Prompt — Your reply should reproduce each line below exactly and carry none of the pictures.

Data extract —
········
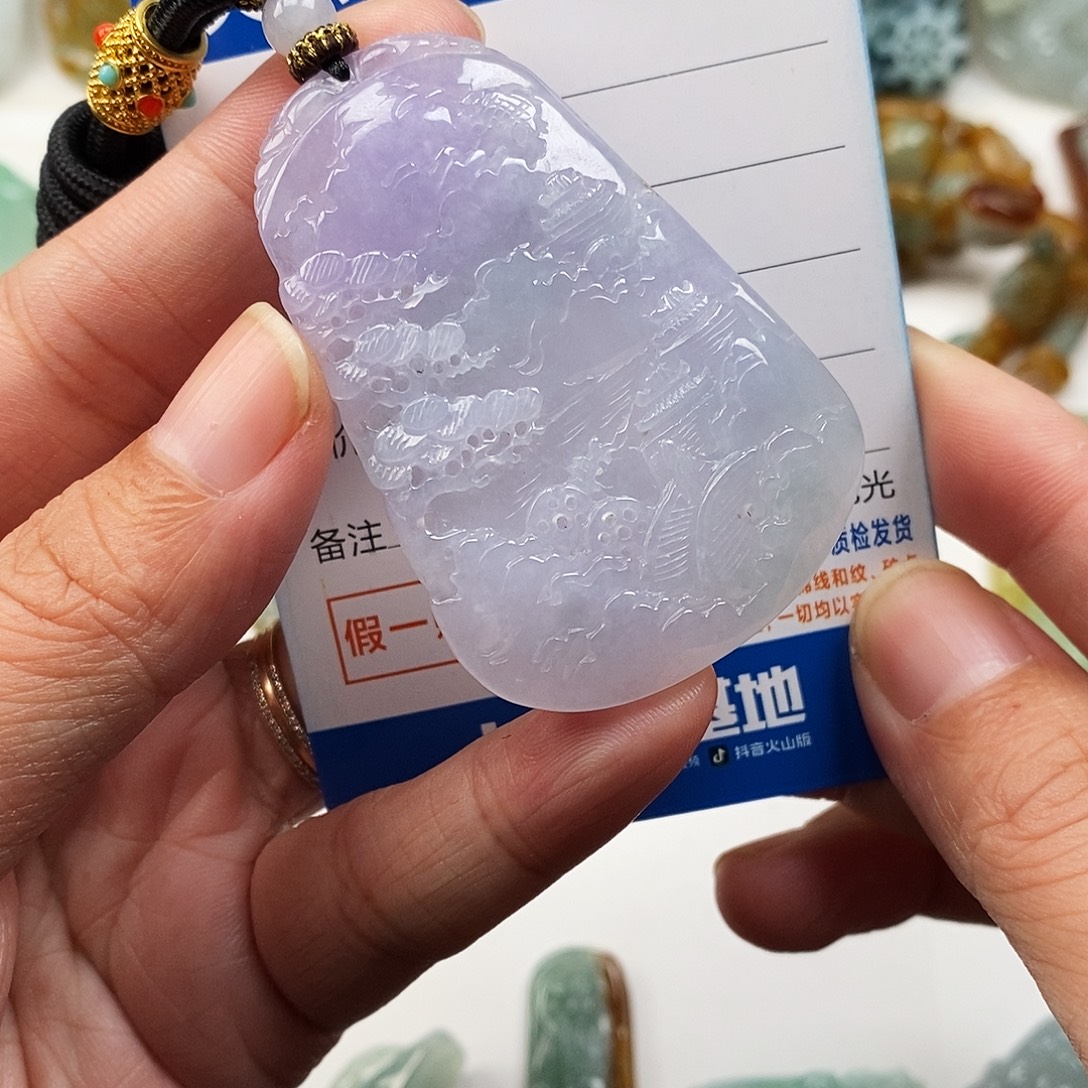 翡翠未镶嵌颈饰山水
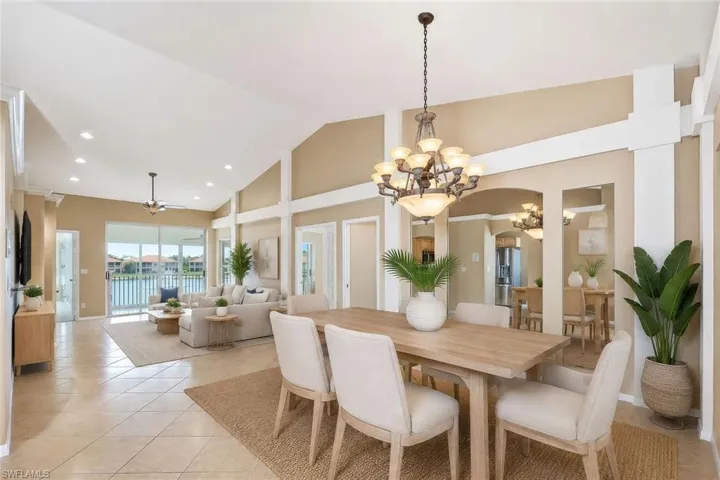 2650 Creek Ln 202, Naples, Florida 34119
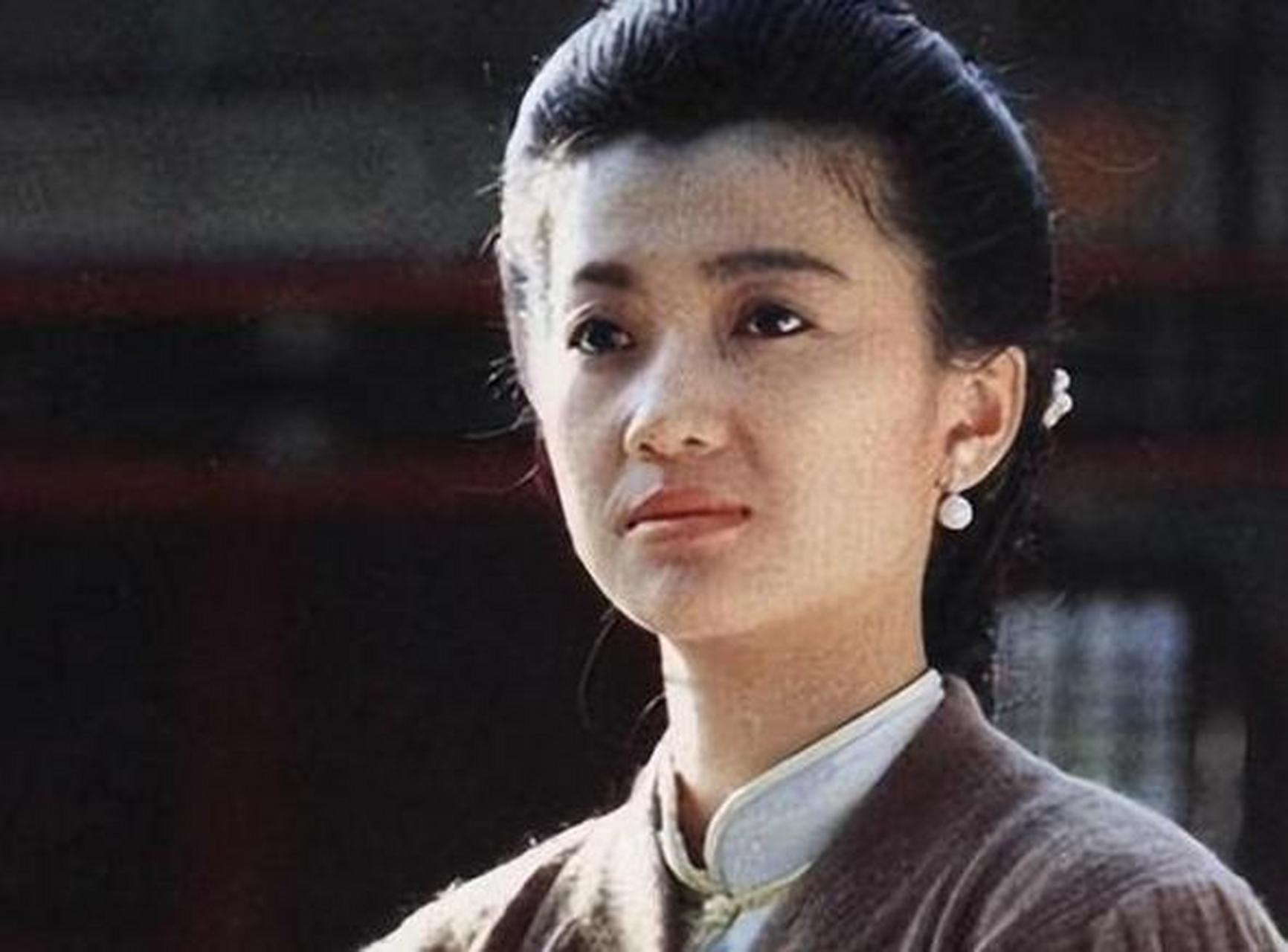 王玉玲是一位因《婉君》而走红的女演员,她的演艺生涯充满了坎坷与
········
Answer section —
 翡翠未镶嵌颈饰山水
 2650 Creek Ln 202, Naples, Florida 34119
 王玉玲是一位因《婉君》而走红的女演员,她的演艺生涯充满了坎坷与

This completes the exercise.